-- Records provided follows --

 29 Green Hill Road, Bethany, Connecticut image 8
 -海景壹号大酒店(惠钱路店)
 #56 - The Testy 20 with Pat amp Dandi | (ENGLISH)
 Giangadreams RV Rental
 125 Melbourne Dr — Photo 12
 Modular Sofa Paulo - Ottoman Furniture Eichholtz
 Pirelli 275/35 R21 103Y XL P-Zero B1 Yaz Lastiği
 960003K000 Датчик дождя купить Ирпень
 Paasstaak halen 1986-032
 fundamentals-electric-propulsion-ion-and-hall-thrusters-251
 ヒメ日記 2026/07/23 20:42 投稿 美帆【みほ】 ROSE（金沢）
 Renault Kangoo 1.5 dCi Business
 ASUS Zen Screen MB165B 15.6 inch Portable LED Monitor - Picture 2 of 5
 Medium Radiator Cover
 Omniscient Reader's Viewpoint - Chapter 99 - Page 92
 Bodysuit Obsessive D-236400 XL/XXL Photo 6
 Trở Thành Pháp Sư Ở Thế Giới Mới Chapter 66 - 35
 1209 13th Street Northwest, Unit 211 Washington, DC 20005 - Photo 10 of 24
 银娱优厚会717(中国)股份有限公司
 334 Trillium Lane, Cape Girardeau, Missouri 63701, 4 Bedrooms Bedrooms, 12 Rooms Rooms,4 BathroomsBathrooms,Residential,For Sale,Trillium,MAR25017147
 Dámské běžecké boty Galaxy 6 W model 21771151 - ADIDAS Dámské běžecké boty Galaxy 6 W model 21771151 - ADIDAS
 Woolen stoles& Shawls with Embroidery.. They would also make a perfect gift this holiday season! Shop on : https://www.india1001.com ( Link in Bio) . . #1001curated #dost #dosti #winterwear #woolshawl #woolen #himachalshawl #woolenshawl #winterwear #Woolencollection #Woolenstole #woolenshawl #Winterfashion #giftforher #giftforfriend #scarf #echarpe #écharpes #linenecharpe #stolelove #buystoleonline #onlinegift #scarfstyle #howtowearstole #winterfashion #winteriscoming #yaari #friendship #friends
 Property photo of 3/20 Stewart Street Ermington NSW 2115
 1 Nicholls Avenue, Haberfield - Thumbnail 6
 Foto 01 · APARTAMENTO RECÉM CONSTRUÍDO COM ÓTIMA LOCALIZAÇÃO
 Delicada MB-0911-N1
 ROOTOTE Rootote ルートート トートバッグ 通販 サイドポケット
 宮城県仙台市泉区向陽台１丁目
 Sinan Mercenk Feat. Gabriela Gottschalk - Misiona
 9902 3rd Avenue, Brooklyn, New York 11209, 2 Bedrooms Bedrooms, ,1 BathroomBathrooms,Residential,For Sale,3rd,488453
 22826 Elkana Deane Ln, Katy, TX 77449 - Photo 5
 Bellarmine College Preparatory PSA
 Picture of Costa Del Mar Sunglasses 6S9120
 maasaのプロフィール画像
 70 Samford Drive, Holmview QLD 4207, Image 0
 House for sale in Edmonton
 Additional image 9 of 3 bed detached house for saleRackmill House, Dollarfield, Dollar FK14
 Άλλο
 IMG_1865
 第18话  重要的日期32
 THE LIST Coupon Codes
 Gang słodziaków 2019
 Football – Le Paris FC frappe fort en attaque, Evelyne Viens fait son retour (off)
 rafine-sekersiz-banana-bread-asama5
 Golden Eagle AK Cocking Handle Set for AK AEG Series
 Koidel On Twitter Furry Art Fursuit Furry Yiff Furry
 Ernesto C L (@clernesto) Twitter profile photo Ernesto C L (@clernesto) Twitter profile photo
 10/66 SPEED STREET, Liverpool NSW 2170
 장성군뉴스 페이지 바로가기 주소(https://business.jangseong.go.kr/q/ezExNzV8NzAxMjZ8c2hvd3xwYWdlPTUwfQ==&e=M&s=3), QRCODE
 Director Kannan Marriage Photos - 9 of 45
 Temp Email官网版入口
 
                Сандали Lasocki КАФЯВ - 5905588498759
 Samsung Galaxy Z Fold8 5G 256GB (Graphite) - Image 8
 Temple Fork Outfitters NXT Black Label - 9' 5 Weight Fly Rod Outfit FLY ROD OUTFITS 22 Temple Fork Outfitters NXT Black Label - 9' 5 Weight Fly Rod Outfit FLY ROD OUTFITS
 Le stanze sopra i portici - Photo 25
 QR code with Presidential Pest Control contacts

-- Records provided concluded --

Activity:
Count how many lines in the entries above hold the word "Bedrooms". Give that number by itself.

Reply to the exercise:
2